Yoyogi Park is an oasis of green, today in the very centre of Tokyo. On a Sunday afternoon you'll find it heaving with families on picnics, rollerbladers enjoying the inner circle, dads teaching their kids to ride a bicycle and rock'n'roll bands practicing for their future fame and glory. You can even find rocker-billies, straight faced, strutting their stuff around an antiquated music machine. It's an enjoyable place to go but watch out for the frisbees and errant kite-fliers.
It wasn't always that way; the park of today being the result of post 1964 Olympics redevelopment. Originally open ground on the periphery of the growing city, by the early 1900s it had been developed into a military parade ground large enough to see Japan's first powered flight take off in 1910. After the war it was appropriated by the American forces and developed into a vast gated housing complex for US personnel covering some ten hectares known as Washington Heights.

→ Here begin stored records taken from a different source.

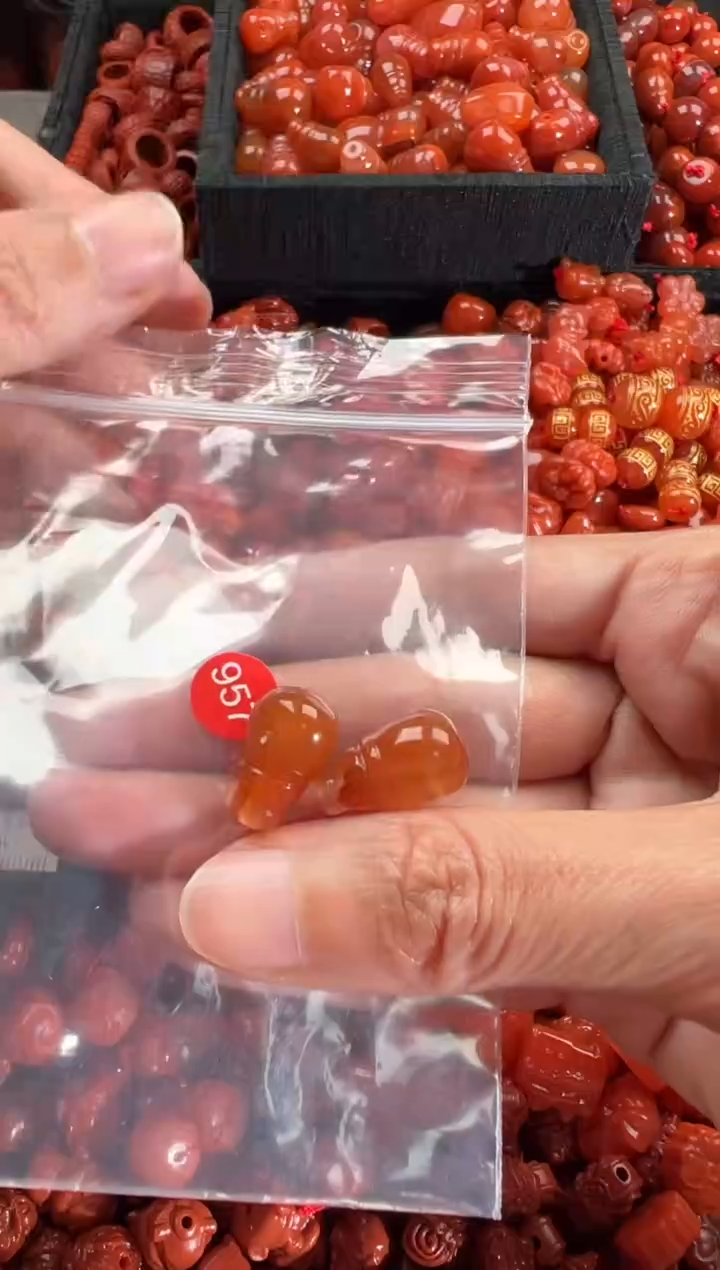 【闪购商品】南红玛瑙颈饰合金1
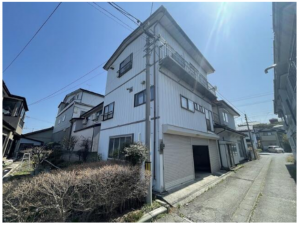 八戸市大字湊町、中古一戸建ての画像です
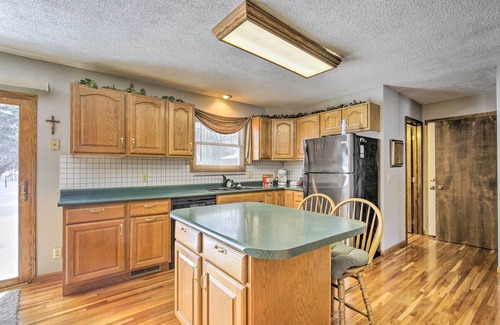 White Pine House | Cozy White Pine Home - 10 Mi to Porcupine Mtn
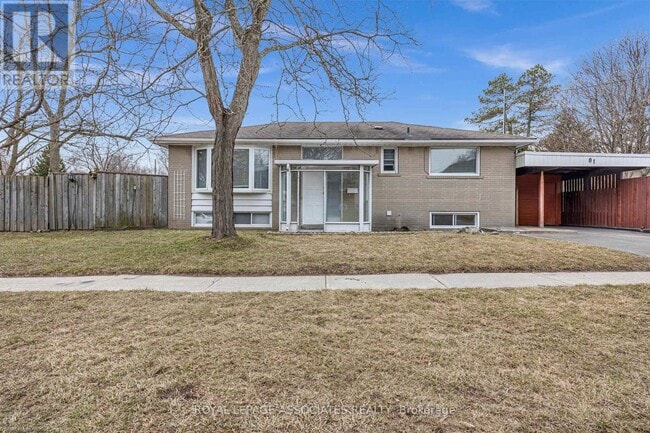 Building Photo - 81 Kencliff Crescent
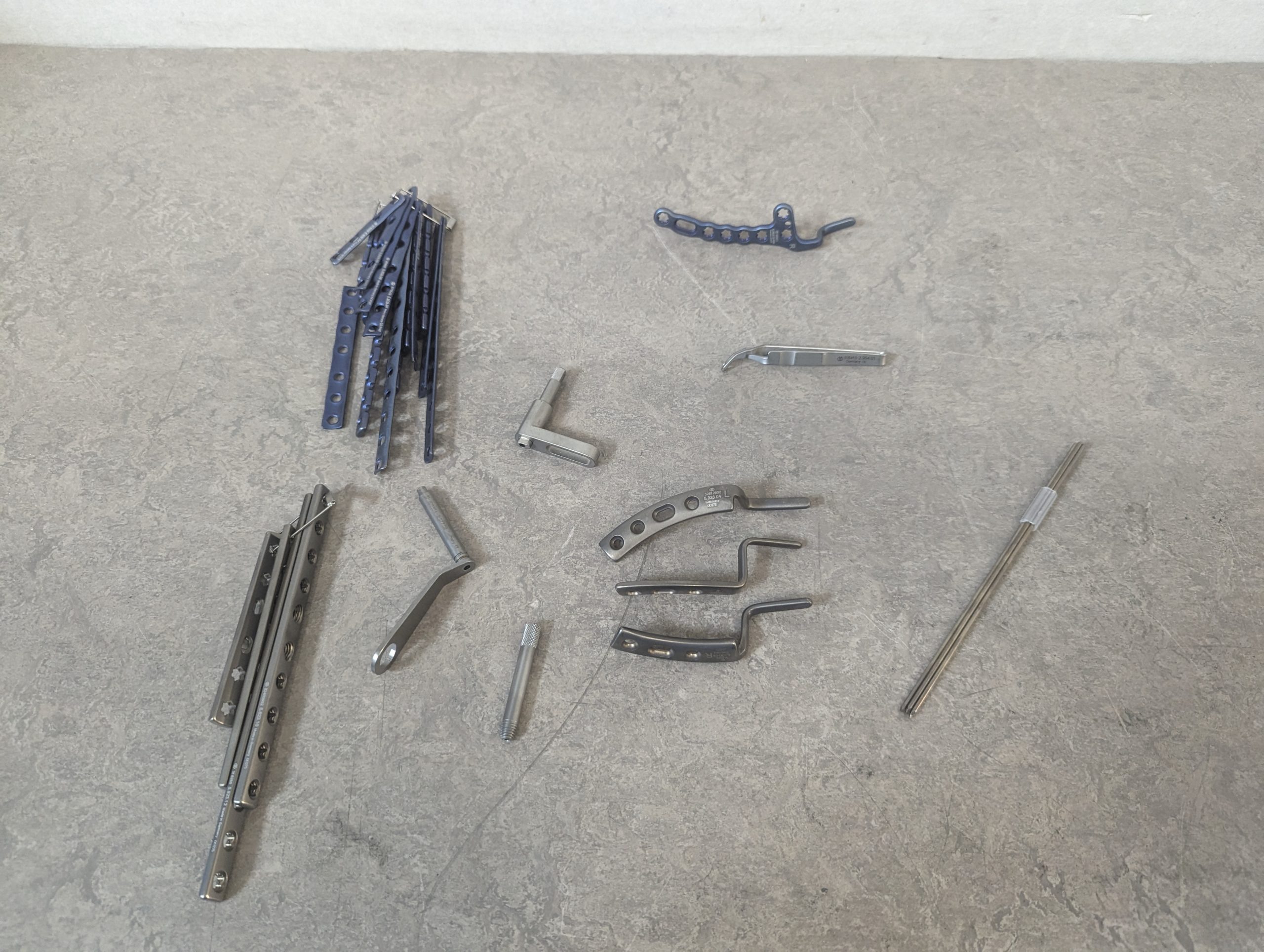 Königs Implantate Schraubenbank für Großfragment aus Stahl Art Nr 19.157.00S8 – Bild 7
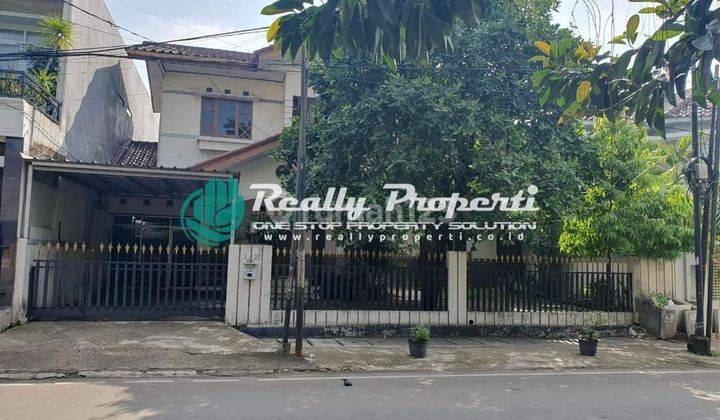 Di Jual Rumah 2 Lantai , Siap Huni Lokasi Strategis Dalam Komplek Duren Sawit Jakarta Timur
 
 1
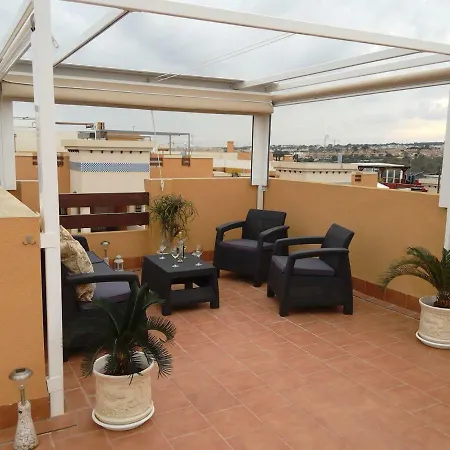 Sunny Hill Apartman *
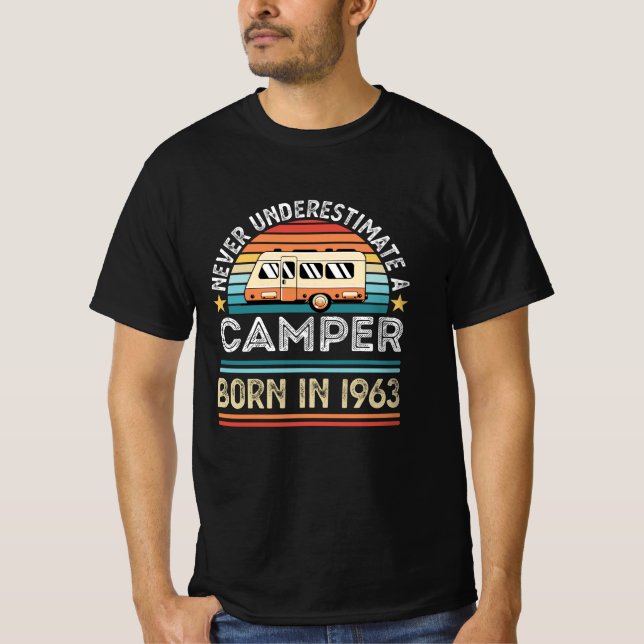 Camper, född 1963, 60:e födelsedagsgåva t shirt (Framsida)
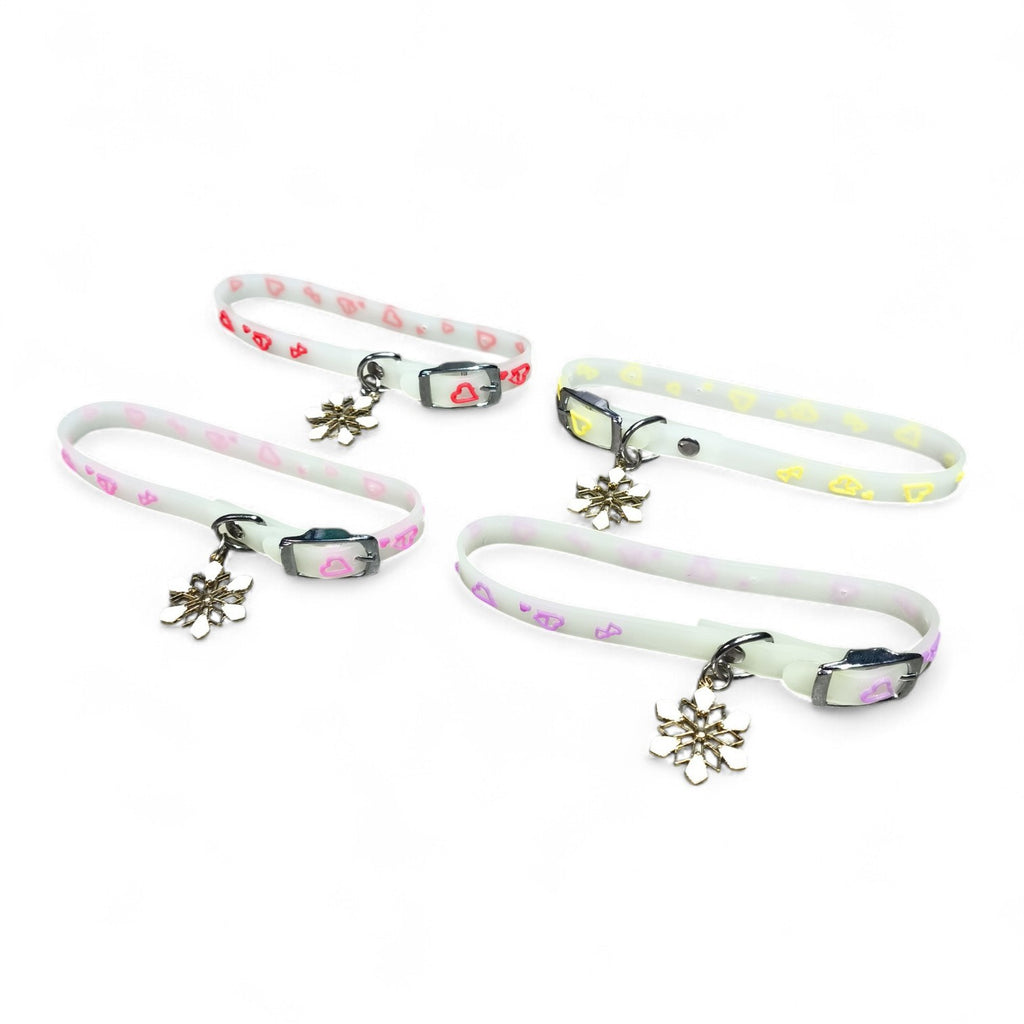 Maroc-Animalerie decorative pet collar with heart pattern and snowflake charm. Made of silicone, adjustable buckle.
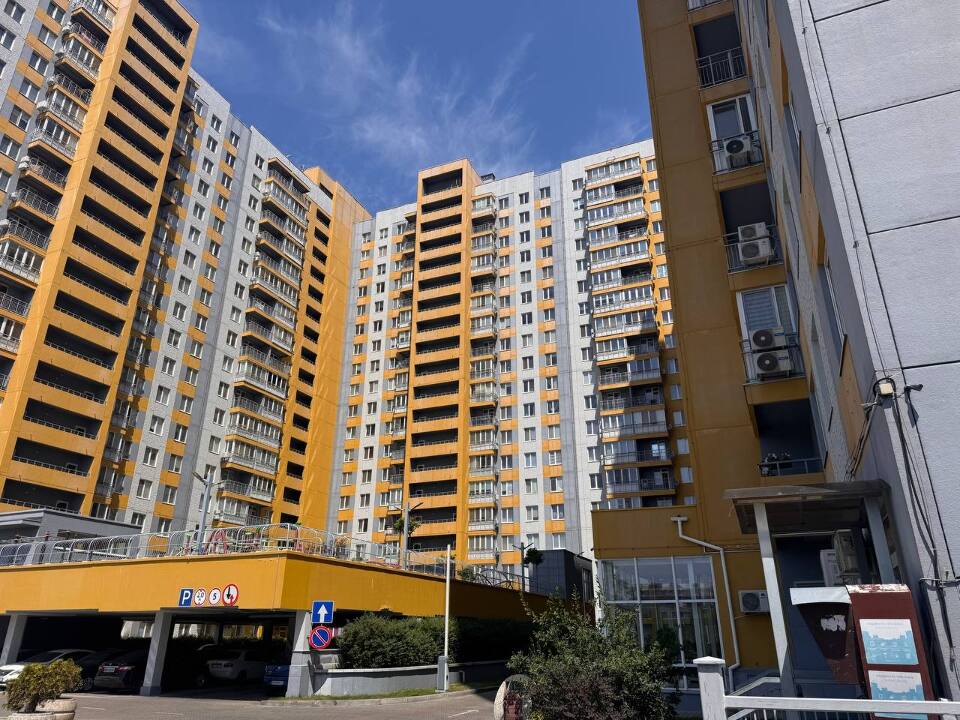 1/4 частка майнових прав на 3-кімнатну квартиру, загальною площею 95,50 кв.м., що розташована за адресою: Одеська обл., м.Одеса, вул. Михайлівська, 8/8, кв. 122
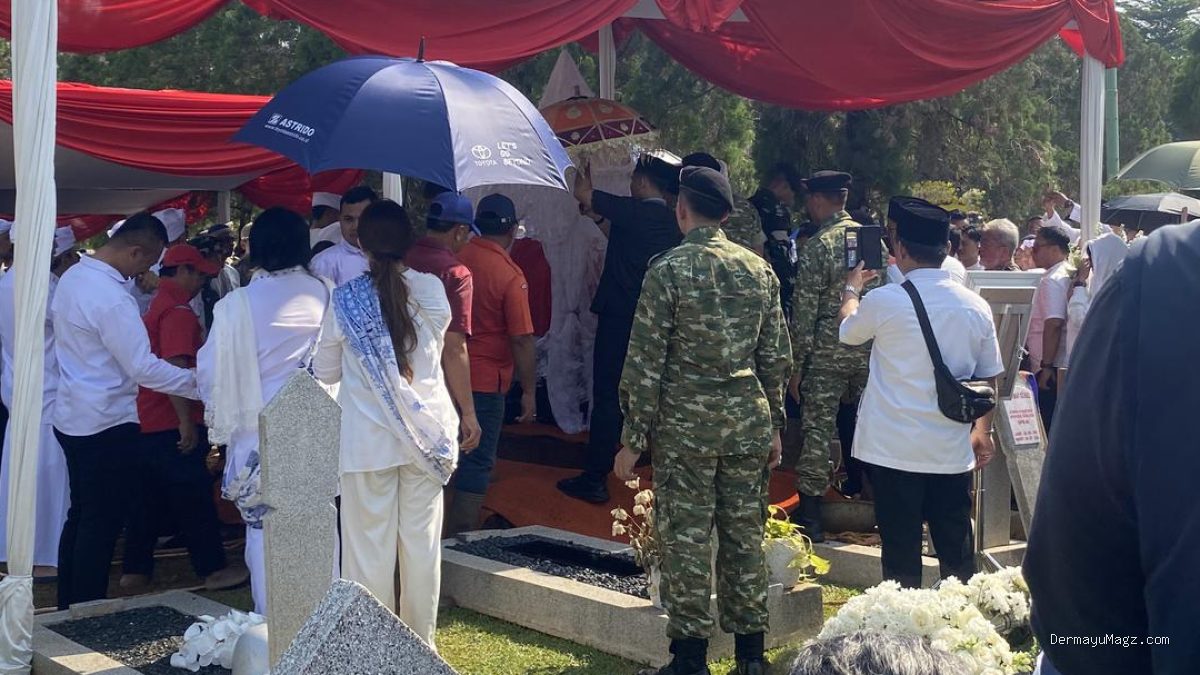 Rachmat Gobel Dimakamkan dengan Upacara Militer di Taman Makam Pahlawan Kalibata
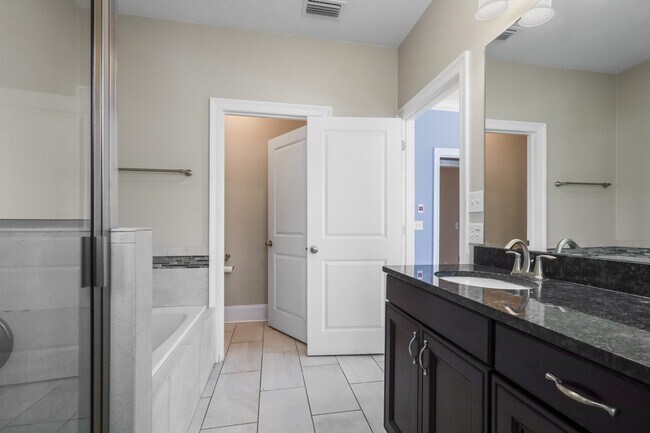 Building Photo - 2561 Lantana Ln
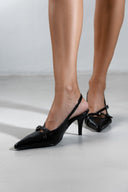 Γόβες μυτερές slingback λουστρίνι TFP - Μαύρο - thefashionproject.gr - TFP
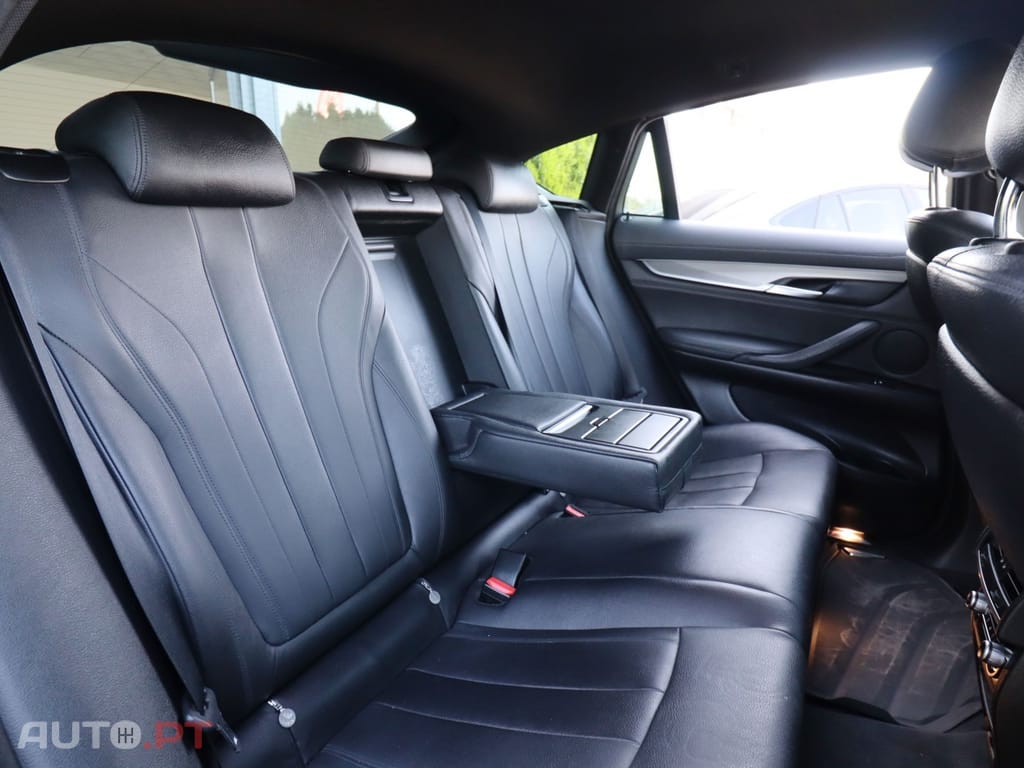 BMW X6 30 d xDrive Pack M — fotografia 12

Entrepreneurial young Japanese took the opportunity to open pizza parlours by the gates though by the early 1960s the houses were becoming the Olympic Village and construction began on the National Gym and the NHK Broadcasting Centre. The late 1960's saw the eventual closure and clearance of Washington Heights and the redevelopment into today's open grasslands and shady pathways. But not before the foundation there of Japan's first boyband, going by the name of Johnnys; and so was laid the origins of the likes of musical juggernauts SMAP and AKB48. Not a bad history for a piece of old scrubland at the edges of a city.